Wednesday, January 30, 2013

Feel Good Songs

January Feel Good Songs

* Catch My Breath- Kelly Clarkson
   Click here to listen

* Feel Again- One Republic
   Click here to listen

* Home- Phil Phillips
   Click here to listen

* Hollyhood- Joey Ruckus ( When I feel like getting my swagger on at the gym)
   Click here to listen


Sunday, January 27, 2013

New Year, Renewed Spirit

So, if you couldn't tell from the complete lack of posts from July of last year until now, fall/winter just wasn't my season.  Being underemployed and searching for a job for months on end all while my savings kept dwindling did not help to put me in the best of moods.  On top of that, I was in a car accident just before Christmas, totaling my car and messing up my back.  My depression came back for a while and in all honesty Christmas 2012 came and went without so much as a Tis' the Season or a Jingle Bell from me.
All that said, the past month has been good, comparitavely.  I have started a new semester, was able to find an affordable and reliable car, my back is doing much better and there are plans afoot :)
Some exciting things to come in 2013:
*Finishing my A.A. degree in the field that I truly feel is where I am meant to be.  (It took long enough for me to find it and now that I have I am uplifted)
*Enrolling in an online college to complete my Bachelors degree.  (At this point I am looking towards Applied Behavior Studies)
*I will be starting a giveaway contest sometime in the next few months to clear out my apartment of my belongings in anticipation of....
*...My January(ish) 2014 move to Australia!!!
I am so thrilled that this is happening.  I have been wishing and dreaming of getting out of my hometown for years, with Australia being in the plans for about 2, and with my schooling (in town) finally coming to a wrap it will be attainable.
My dreams that I have had for so long, that I had anticipated happening far sooner, come at exactly the right time.  The journey that has been my 20's (so far) reminds me of a blog post from Big Mama in which she talked about "Walking to your future":

http://thebigmamablog.com/10612/walking-to-the-future/

I was so moved by this post that I emailed Melanie on it and within her response to me she wrote:

Hey Stefani-

I just wanted to encourage you with something I know for sure.  God redeems everything.  Even our messed up twenties!  I know because I made a lot of mistakes.  Just keep your eyes on Him and He'll turn your ashes into beauty!

Love,
Melanie

This is something I have carried with me for that past year and a half that I go back to for encouragement and now it is a truth that is deeply imbedded in my soul; that I might not be getting where I want to go as fast as I planned or wished, but if I keep my eyes on the right things I will always get to where I am meant to be.

Thursday, July 26, 2012

The In-Between Spot

I am currently in the middle of a job search.  One which, ideally, will result in another (new) nanny position, but I am also applying to the school district and other part time openings so as to not close any doors.  Just as it has crept up in other areas of my life, the pestering issue of where exactly in time/place/ & space I fit in has shown relevant to my job search this time around in a way it has not before.  Let me try to explain whats rumbling around in my head....
See now, I am 26 years old and have been nannying professionally and on a mostly full time basis for the last 8 years of my life.  Yes, that is a long time caring for children.  And like I was advising a fellow nanny the other day, there is something about this job that seems to just suck the time away.  Months turn into a year, one year into two and before you know it you're 26 years old and the mothers you are going to interview with are in your age bracket.  This is a job situation I do not want to put myself into.
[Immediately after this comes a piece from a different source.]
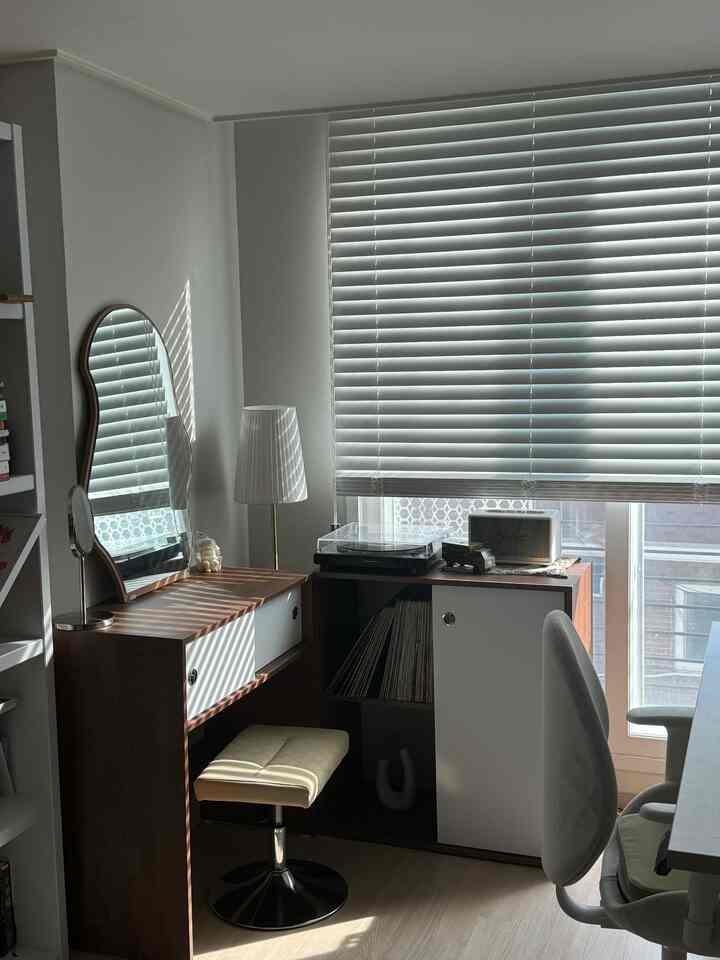 白と茶色のトーンのコンパクトなホームオフィス、化粧台、オフィスチェア、ターンテーブルが調和した雰囲気のあるインテリア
I had no problem working for young new moms when I was 19, but now that they are people I could've been in high school with it just does not sit well with me.  Is this stemming out of my own insecurities of my life situation?  Perhaps
....perhaps for so many years I thought that those families I am interviewing with would be me.  Me at 26, married with a little baby (though never looking for a nanny!) and though my view on life has made a complete change around from the way I used to think I suppose those old dreams are still buried deep in the back of my brain somewhere...or the bottom of my heart.
Another conflict I have run into is that I have so much experience.  I've been nannying longer than some of these parents have been parents.  In some cases I have more education and experience with what is going on.  While I try very hard to maintain  professional boundaries with parents it is difficult when, quite honestly, I know more then they do about their child.  And parents do not like that.
Ultimately the point of this post is this really.  I am a total In-betweener at the moment.  Stuck between student and professional.  Not young enough anymore to enjoy the carefreeness of being young but not in a position in life to have the true responsibilities that would elicit the title "adult".  Stuck between jobs, stuck between majors, stuck between desires of the heart.  Stuck, which means you can't move anywhere.
I never, ever thought this is what 26 would be for me.  I'm not saying that to suggest that its bad because its not.  I have a fairly good life I'd say.  Very onion like (if you are a Shrek fan then you will get that) but stable in that I trust myself and my decisions.  And I believe that as I sit here writing bits of this story now, in 10 years time, so much more of my story will have unfolded to show me that these days were just the preface.